Le calme revenu laissa à la chorale de la pluie bercer nos heures de cours magistraux, accompagner nos sessions de travail à la bibliothèque, et murmurer des rêves lorsque le sommeil nous prenait.

— De la pluie et toujours de la pluie. Ça peut pas s'arrêter à un moment ?! On va finir par se noyer dans les rues !
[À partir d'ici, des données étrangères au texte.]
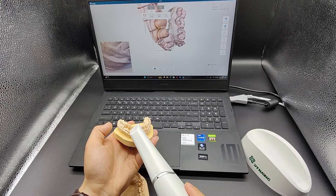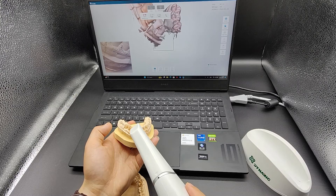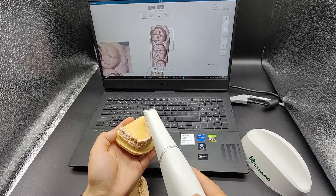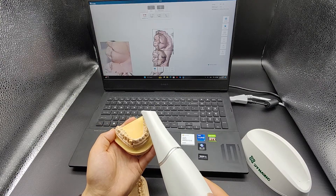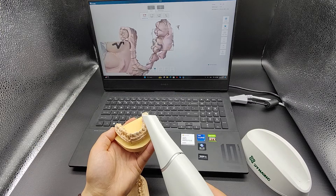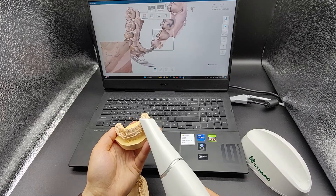To facilitate scanning, you can move the scanner to the occlusion surface of the other side at this point. Then rotate the scanner and continue scanning the buccal side.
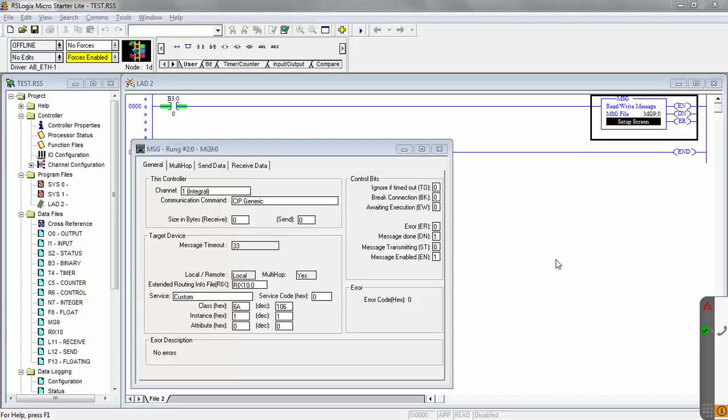This video will show you how to use the explicit message communication with the MicroLogix PLC to use the custom service to change the execute condition number on the CVX series. If you're using the execute conditions and you're referencing the execute condition number, this will allow the PLC to change the current execution number.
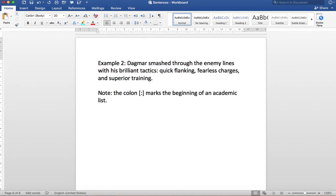Perfect. Wonderful. So part of your asynchronous study is going to be to try out these example sentences. Watch the video, of course. Take notes. And then you're going to try to make three examples of each of these new sentences that we've learned about.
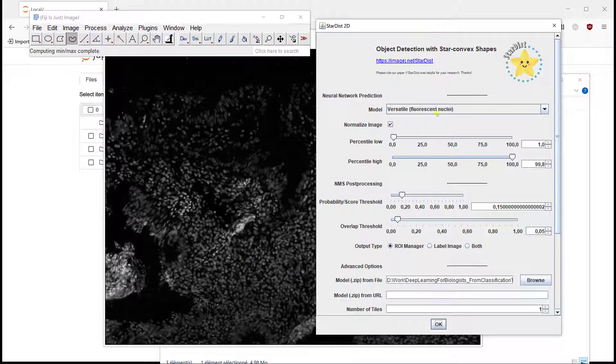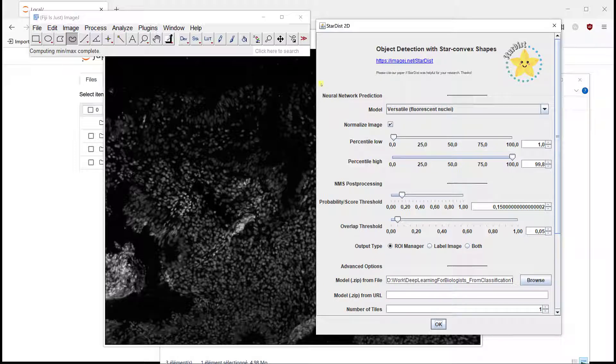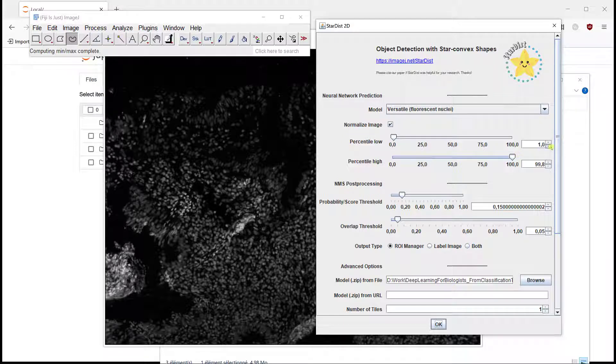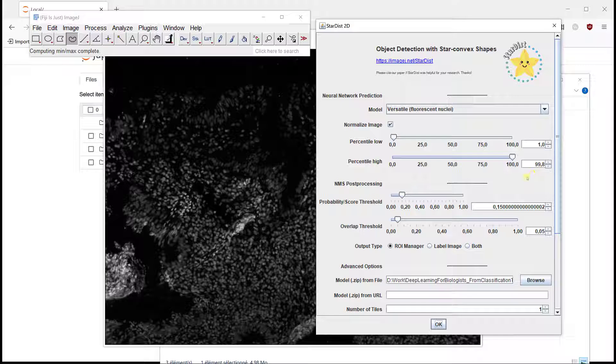You can use a versatile fluorescent model which is really good for fluorescence images. You shouldn't change the way it's normalized, and then you can change the overlap. I'm going to take a smooth overlapping threshold.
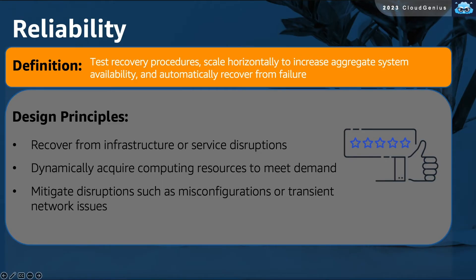The third pillar is the Reliability Pillar. It assesses your architecture's ability to recover from service disruptions and failures, and its ability and readiness to scale horizontally to increase aggregate system availability.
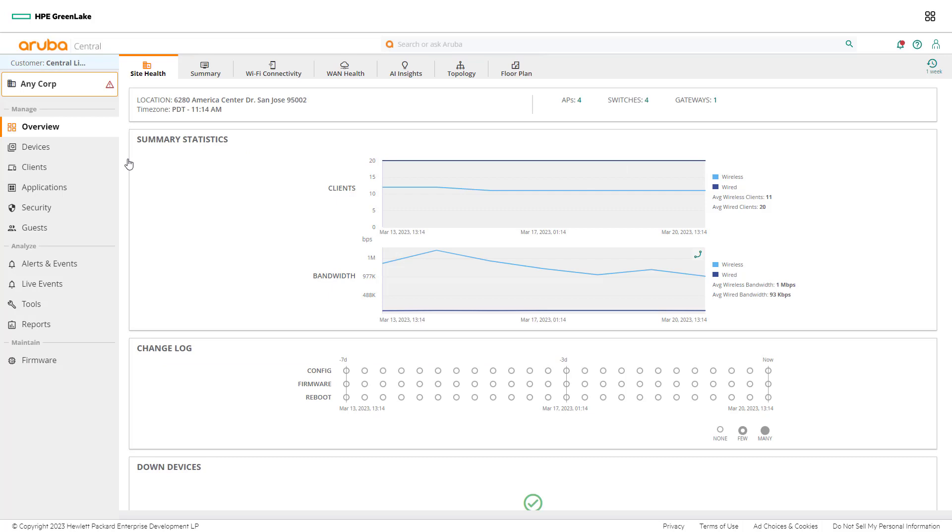Aruba Central provides network admins with a depth of information for each device in the network. Network admins can drill deeper into devices at both the global and site level. To take a closer look at the devices located at the Anycorp site, proceed to the device dashboard.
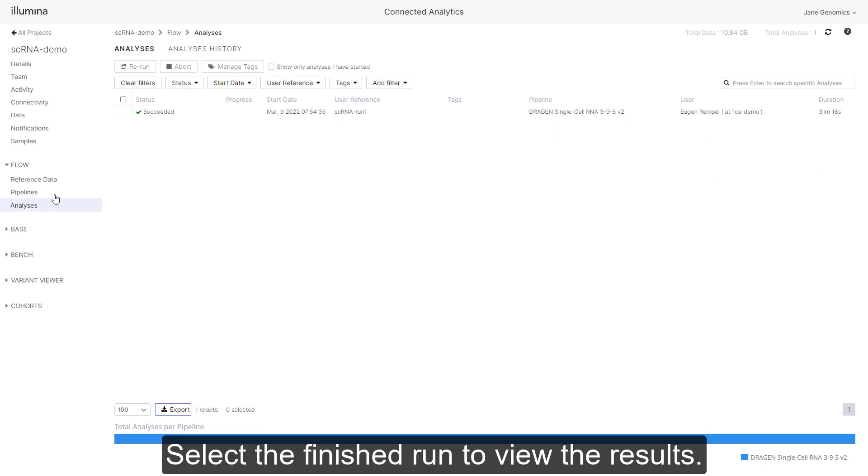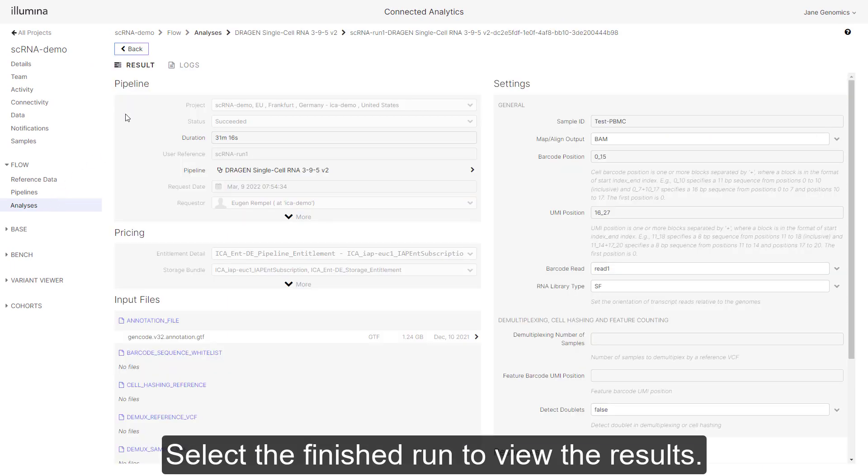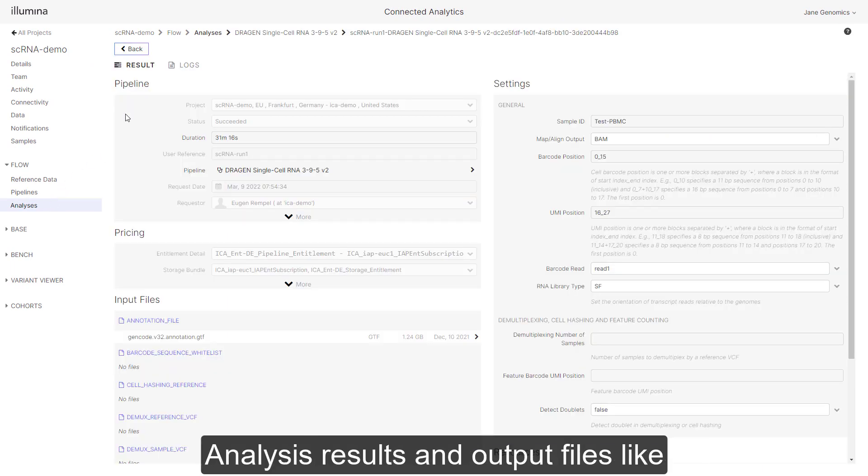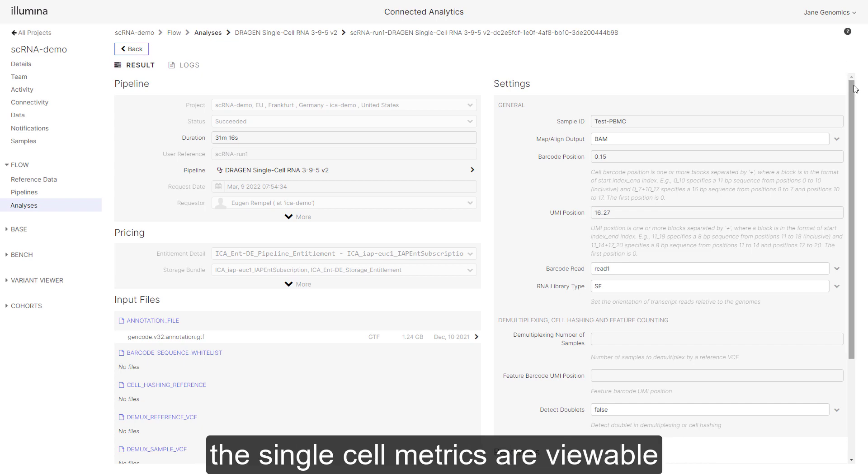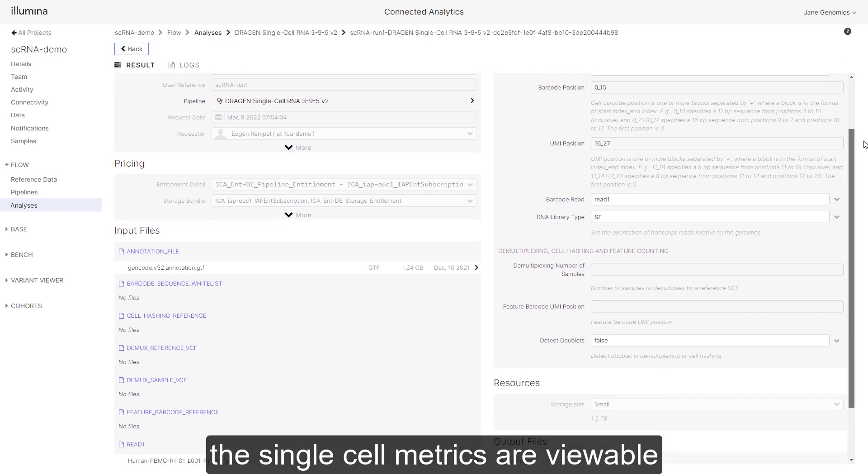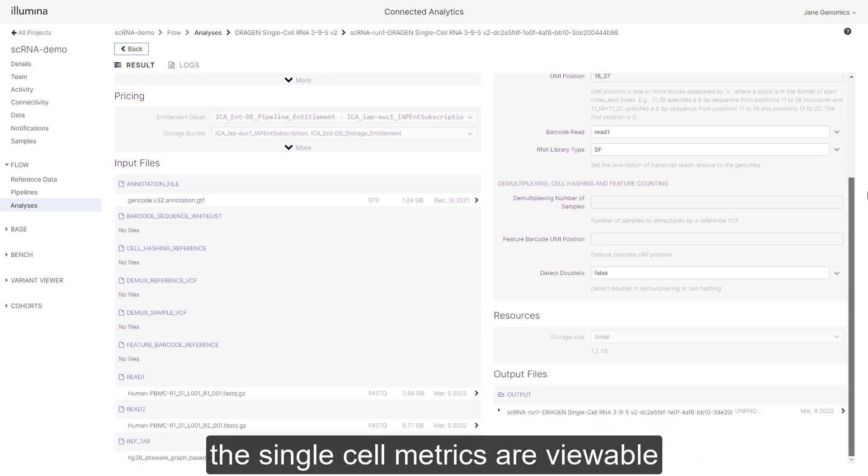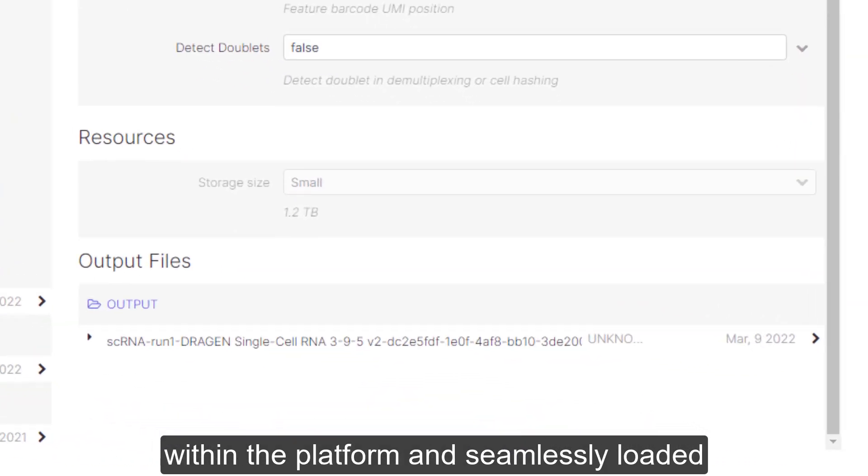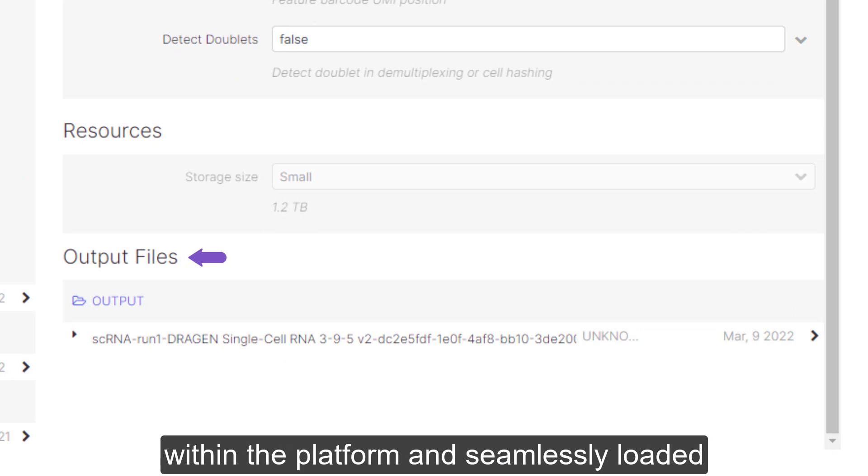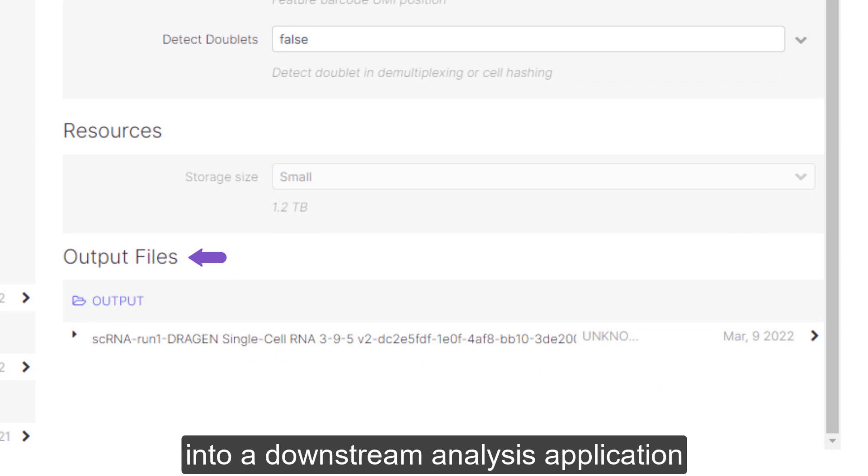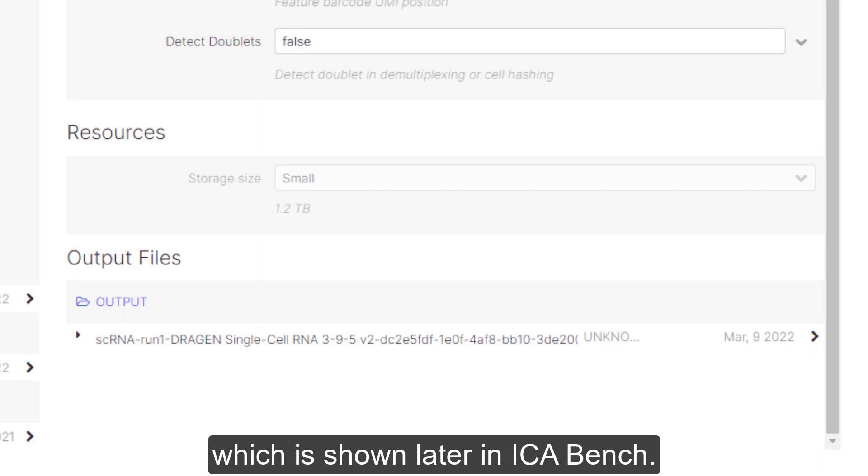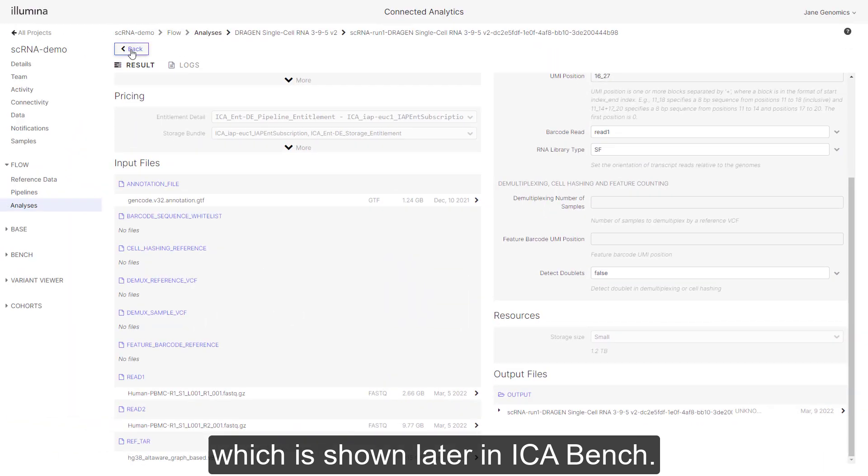Select the finished run to view the results. Analysis results and output files, like the single cell metrics, are viewable within the platform and seamlessly loaded into a downstream analysis application, which is shown later in ICA Bench.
Le paysage morne déprimait Rylan. Elle qui aimait arborer une myriade de couleurs pétantes avec ses sweats à l'effigie de groupe de métal ou ses grosses docks noires, venait habillée de gris, de brun et autres tons tristes. Le tableau de nos vies, ternes et sans lumières, affectait notre moral. Il n'y avait rien de réjouissant à suivre cours pour exercer un métier non choisi puis rentrer chez ce faux chez-soi dans lequel nous déambulions comme une âme sans vie.

C'était au moins mon cas.

Rylan avait d'autres plans. Des choses concrètes, venant de son esprit, réalisables par ses soins. Les miens ? Sans doute la pluie les avait-elle emportés. Lavé de ce qui me portait, je n'avais plus qu'à suivre le courant. Ce chemin tout tracé duquel j'avais essayé de me détourner, ne serait-ce qu'un peu. En vain. Je me rendais compte qu'il était bien plus aisé de se laisser aller, d'attendre chaque étape prévue sans jamais être surpris ou décontenancé par un obstacle ou un imprévu. Plus de combat ni de débat. Plus de méninges à faire tourner pour résoudre un dilemme. Plus de compromis.

Plus de choix.

Ils avaient tous été pris à ma place. En avance.

Les choix, ce n'était pas mon truc de toute façon. Je n'avais jamais su les prendre. Et à présent, délester de ce fardeau, je n'aurais plus à y réfléchir ni me soucier quant à savoir s'il était le bon ou non. Devant le carrefour des possibilités, je savais quelle voie suivre. Simple et sans mauvaise surprise.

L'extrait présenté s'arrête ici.